• Task to complete
Please output the records below word for word and omit the pictures.

-------

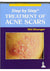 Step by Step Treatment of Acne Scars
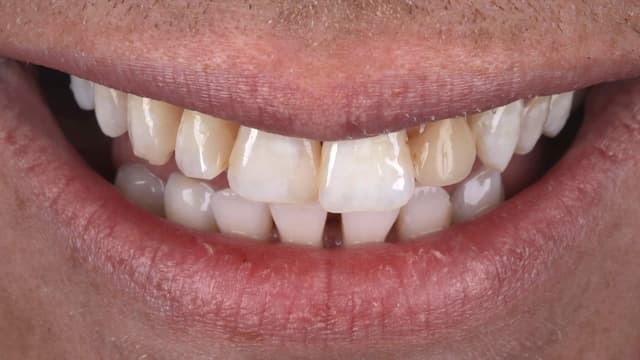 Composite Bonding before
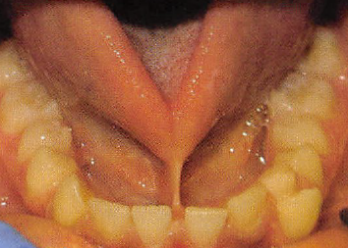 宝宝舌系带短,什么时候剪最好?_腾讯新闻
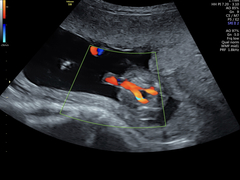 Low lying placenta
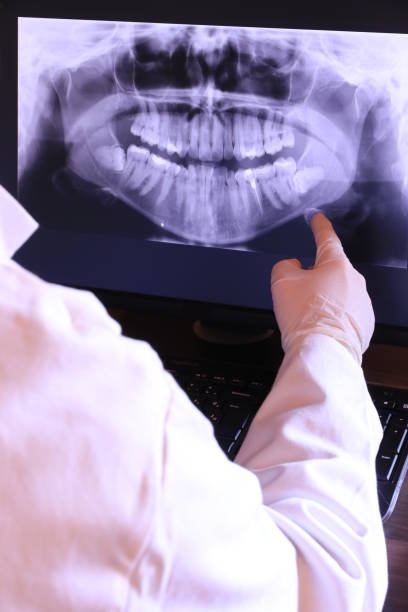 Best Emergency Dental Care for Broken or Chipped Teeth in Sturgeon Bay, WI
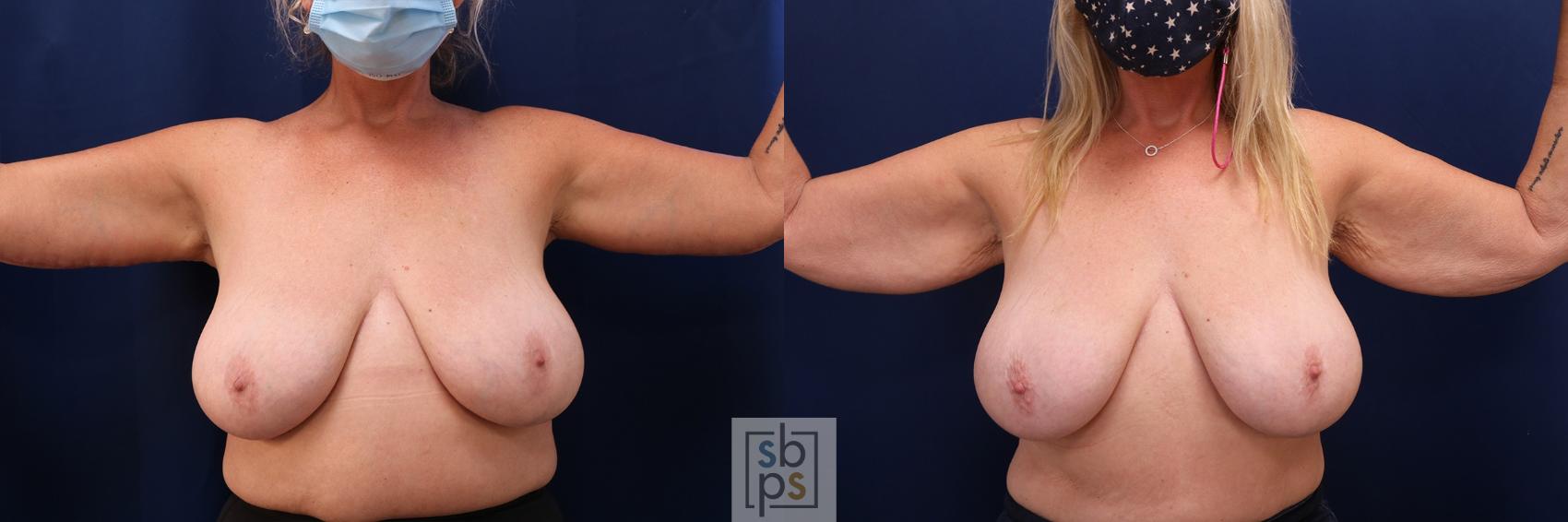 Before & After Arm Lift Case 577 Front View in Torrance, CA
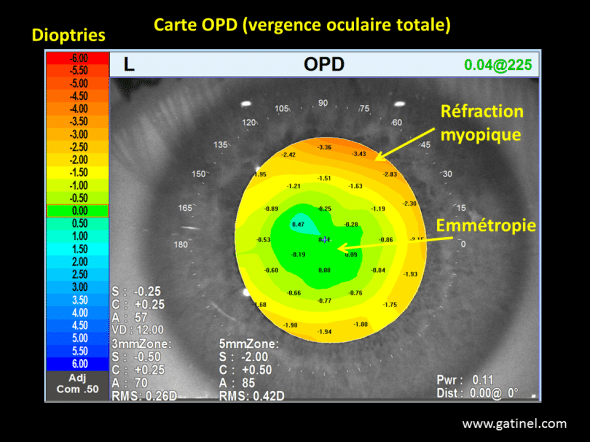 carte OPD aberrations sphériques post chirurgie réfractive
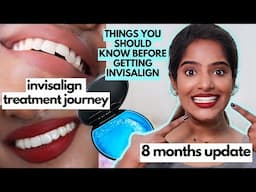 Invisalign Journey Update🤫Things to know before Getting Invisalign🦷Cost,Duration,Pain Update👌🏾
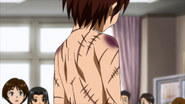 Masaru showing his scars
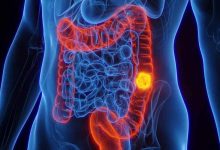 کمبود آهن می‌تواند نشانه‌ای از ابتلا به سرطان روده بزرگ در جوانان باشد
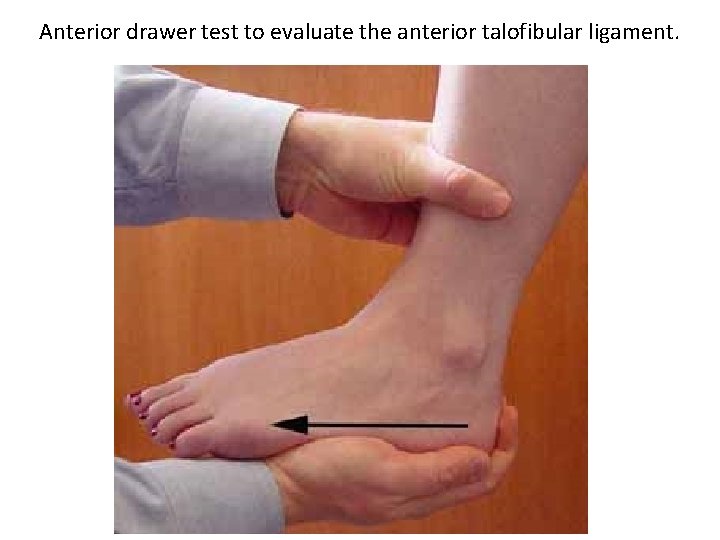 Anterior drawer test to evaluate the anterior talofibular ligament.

-------

• Output for this task
 Step by Step Treatment of Acne Scars
 Composite Bonding before
 宝宝舌系带短,什么时候剪最好?_腾讯新闻
 Low lying placenta
 Best Emergency Dental Care for Broken or Chipped Teeth in Sturgeon Bay, WI
 Before & After Arm Lift Case 577 Front View in Torrance, CA
 carte OPD aberrations sphériques post chirurgie réfractive
 Invisalign Journey Update🤫Things to know before Getting Invisalign🦷Cost,Duration,Pain Update👌🏾
 Masaru showing his scars
 کمبود آهن می‌تواند نشانه‌ای از ابتلا به سرطان روده بزرگ در جوانان باشد
 Anterior drawer test to evaluate the anterior talofibular ligament.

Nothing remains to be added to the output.